= Excerpted records =
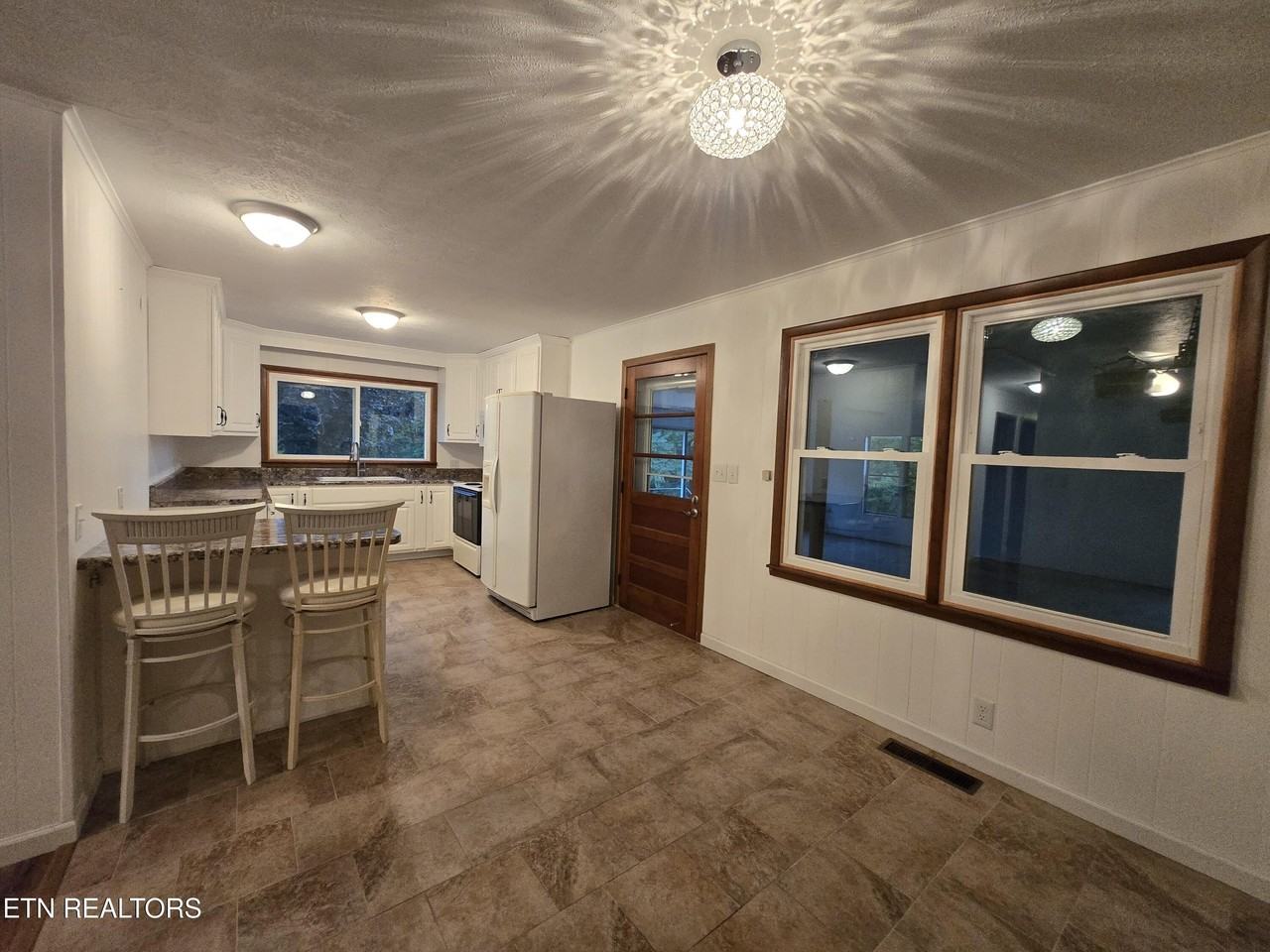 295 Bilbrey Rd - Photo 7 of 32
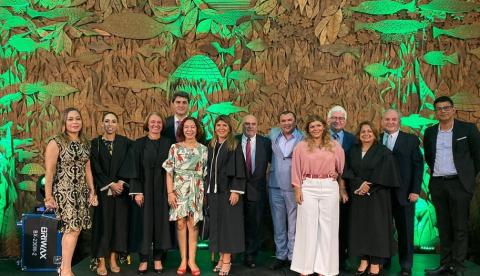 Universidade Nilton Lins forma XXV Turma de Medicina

--

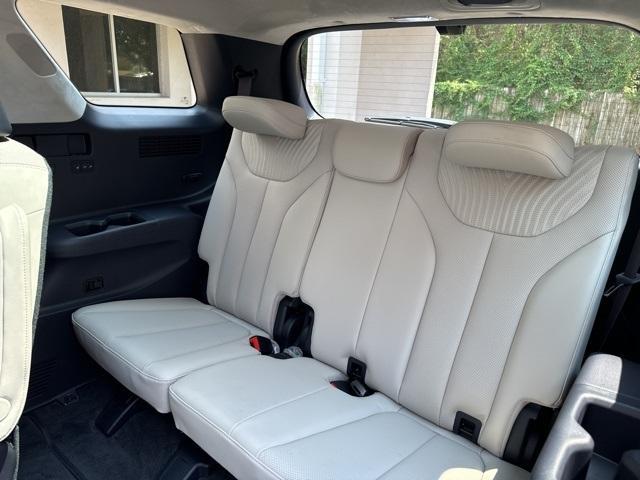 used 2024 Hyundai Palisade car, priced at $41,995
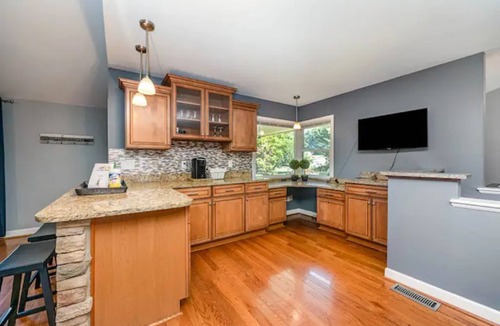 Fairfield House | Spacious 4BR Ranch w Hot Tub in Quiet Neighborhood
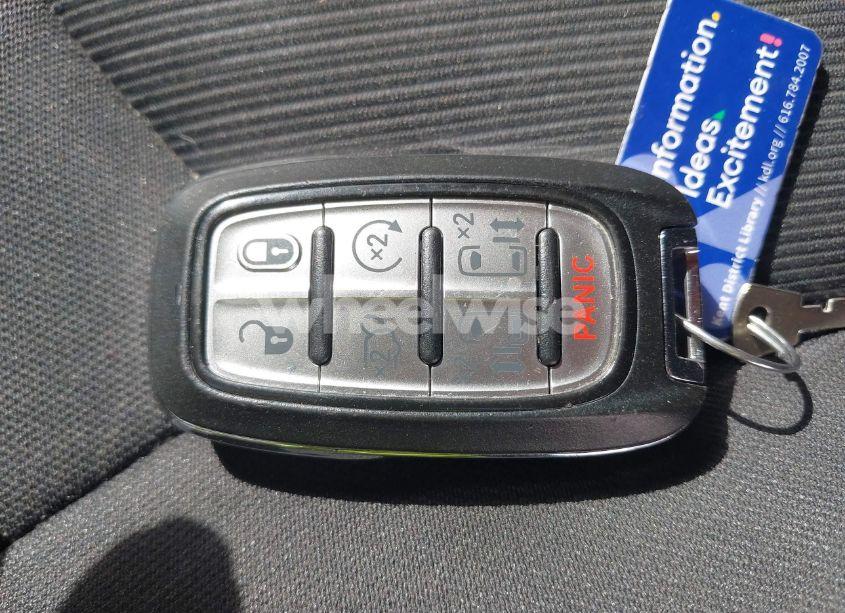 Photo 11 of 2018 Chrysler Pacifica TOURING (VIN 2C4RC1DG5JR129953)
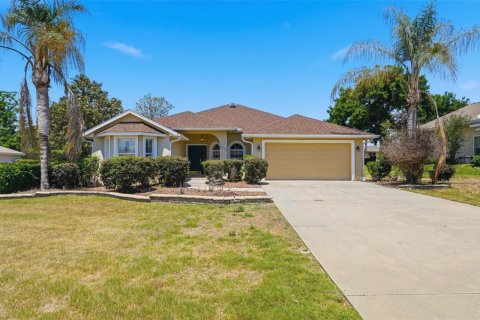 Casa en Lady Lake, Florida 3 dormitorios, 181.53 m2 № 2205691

= Task to carry out =
Each line from the one that contains "Fairfield House |" down to the one that contains "Casa en Lady" is to be returned exactly as it stands above, both ends included, with pictures removed.

= The answer =
 Fairfield House | Spacious 4BR Ranch w Hot Tub in Quiet Neighborhood
 Photo 11 of 2018 Chrysler Pacifica TOURING (VIN 2C4RC1DG5JR129953)
 Casa en Lady Lake, Florida 3 dormitorios, 181.53 m2 № 2205691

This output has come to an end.